Repeat word for word the lines from the one containing "Avon Partridge in" to the end of the material below, and leave all pictures out.

◇ ◇ ◇ ◇ ◇

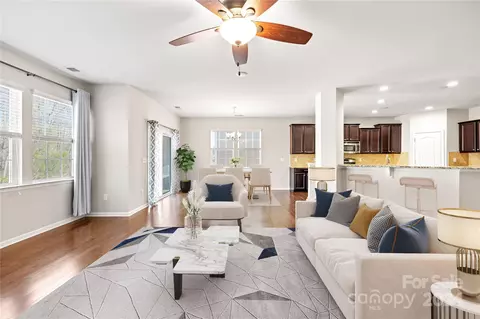 10706 Sapphire Trl, Davidson, NC 28036 photo 6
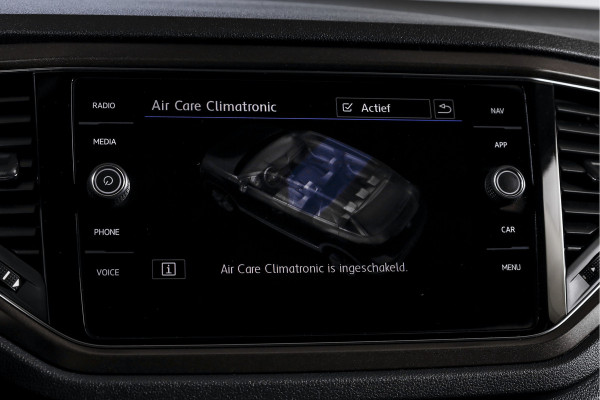 Volkswagen T-Roc 1.5 TSI 150 PK Style Business - Automaat | Adapt. Cruise | Stoelverw. | PDC | Camera | NAV + App. Connect | LED | ECC | Trekhaak | LM 17" |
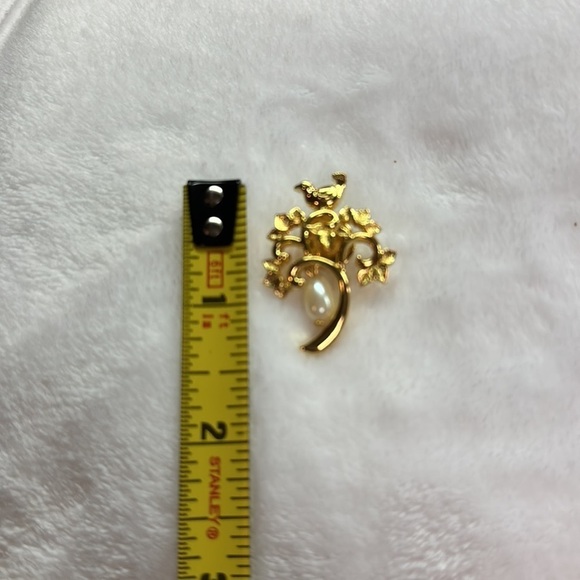 Avon Partridge in a Pear Tree Lapel Pin Gold Oval Pearl Tear Drop Brooch Pin - Picture 3 of 3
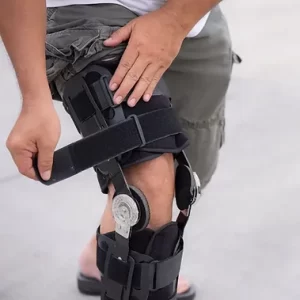 man putting on knee brace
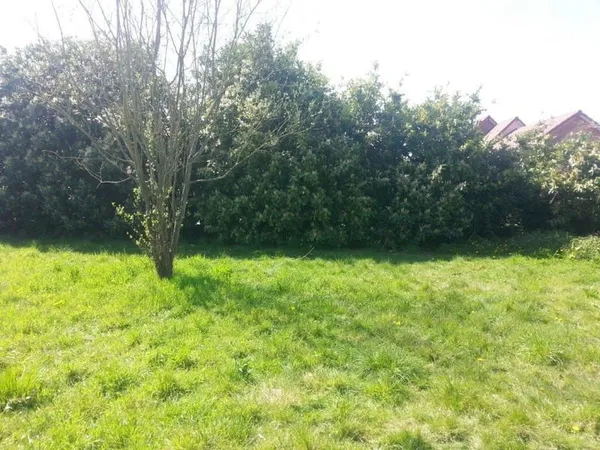 Terrain 822 m²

◇ ◇ ◇ ◇ ◇

◆ **TASK RESPONSE**:
 Avon Partridge in a Pear Tree Lapel Pin Gold Oval Pearl Tear Drop Brooch Pin - Picture 3 of 3
 man putting on knee brace
 Terrain 822 m²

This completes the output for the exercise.